PROBLEM. Nothing but the lines from the one containing "Canon EF 16-35mm" through the last line of the material should appear in the answer, transcribed exactly, pictures excluded.

DATASET EXCERPT.
>>
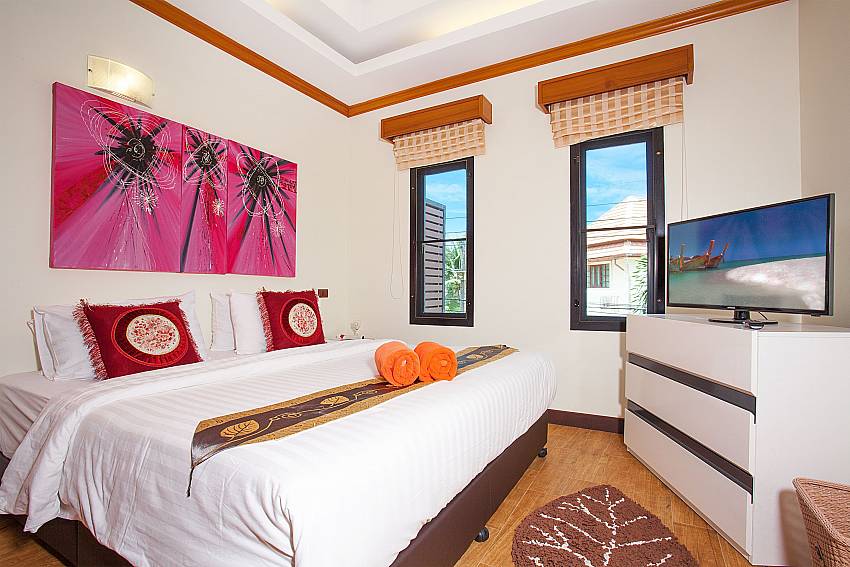 Bedroom with TV BangTao Tara Villa 5 in Phuket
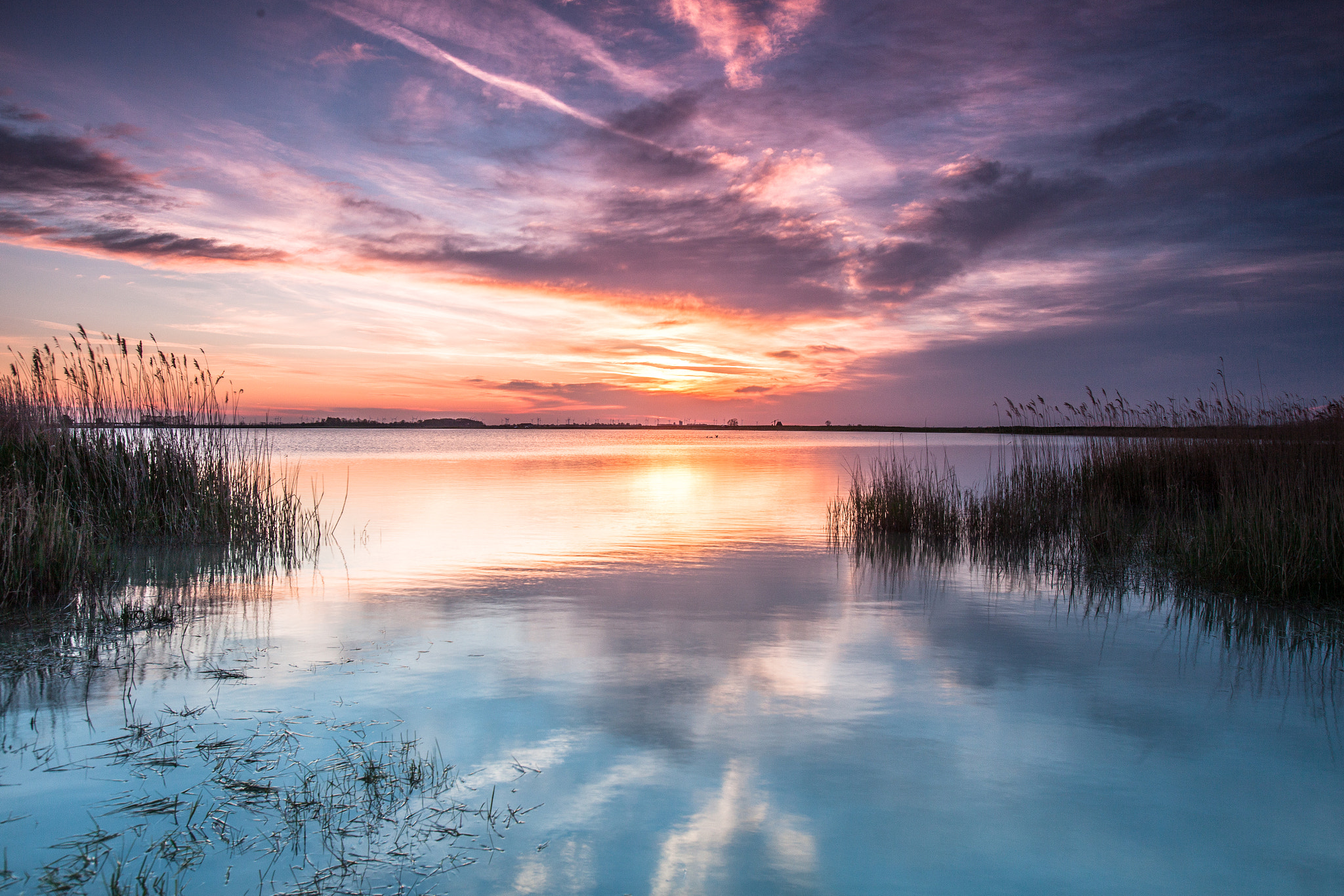 Canon EF 16-35mm F2.8L USM sample photo. Warmsee photography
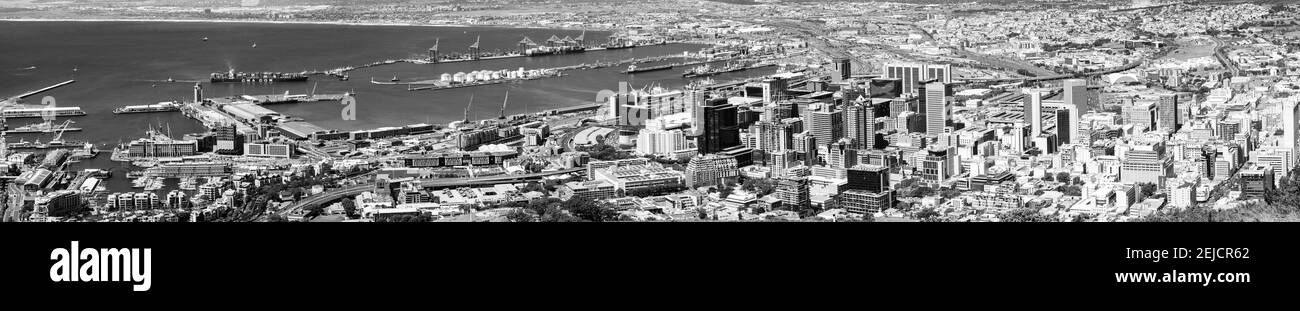 Kapstadt, Südafrika - Oktober 13, 2019: Erhöhte Panoramablick auf Kapstadt CBD und Hafen in Südafrika Stockfoto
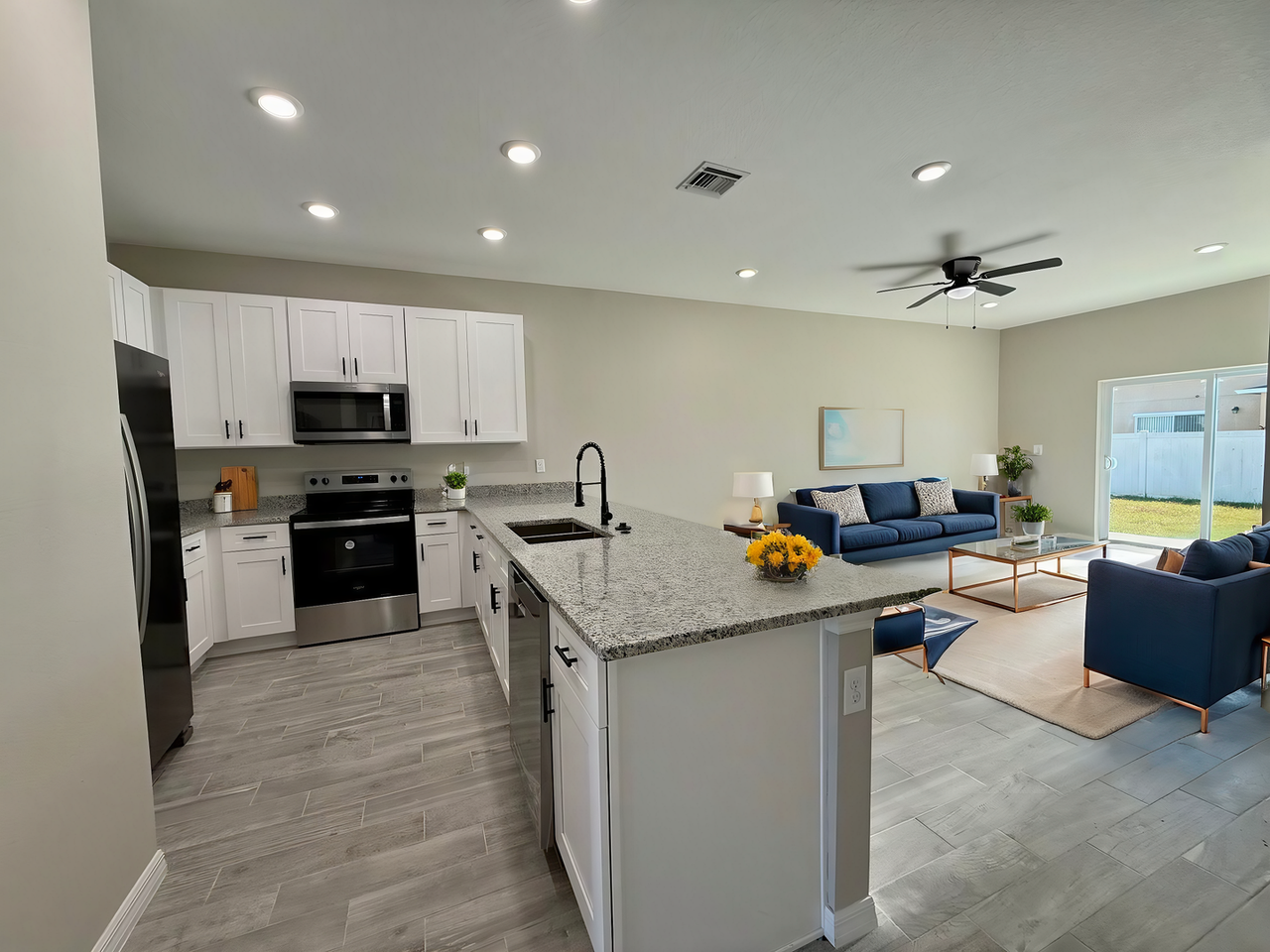 703 Camel Ct - Photo 2 of 16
<<
RESPONSE BELOW.
 Canon EF 16-35mm F2.8L USM sample photo. Warmsee photography
 Kapstadt, Südafrika - Oktober 13, 2019: Erhöhte Panoramablick auf Kapstadt CBD und Hafen in Südafrika Stockfoto
 703 Camel Ct - Photo 2 of 16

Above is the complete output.